Dosya kapsamı, mevcut delil durumu, ileri sürülen istinaf istemleri ve istinaf edenin sıfatı nazara alındığında, İİK’nın 257 ve 258. madde koşulları kapsamında yapılan değerlendirme sonucu ilk derece mahkemesi kararında herhangi bir isabetsizliğin bulunmadığı kanaatine varıldığından, ihtiyati haciz talep eden davacı vekilinin istinaf isteminin HMK’nın 353/1.b.1 maddesi uyarınca esastan reddine dair aşağıdaki şekilde karar verilmiştir.

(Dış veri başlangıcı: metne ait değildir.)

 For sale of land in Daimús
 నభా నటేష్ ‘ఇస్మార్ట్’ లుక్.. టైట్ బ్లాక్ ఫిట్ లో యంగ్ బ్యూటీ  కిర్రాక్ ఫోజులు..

HÜKÜM : Gerekçesi yukarıda açıklandığı üzere;
1- İhtiyati haciz talep eden davacı vekilinin istinaf başvuru talebinin ESASTAN REDDİNE,

2- Alınan harç yeterli olduğundan yeniden harç alınmasına yer olmadığına,
3- İstinaf incelemesi sırasında duruşma açılmadığından ücret-i vekalet ile ilgili hüküm kurulmasına yer olmadığına,
4- İstinafa başvuran ihtiyati haciz talep eden davacı tarafından yapılan istinaf yargılama giderlerinin üzerinde bırakılmasına,
5- Hukuk Muhakemeleri Kanunu’nun 359/4. maddesi gereğince kararın tebliği işlemlerinin ilk derece mahkemesi tarafından yapılmasına,
6- Dava dosyasının ilk derece mahkemesine gönderilmesine,
Dair, dosya üzerinde yapılan inceleme sonucunda 12/10/2022 tarihinde oybirliği ile HMK’nın 362/1.f maddesi gereğince kesin olarak karar verildi.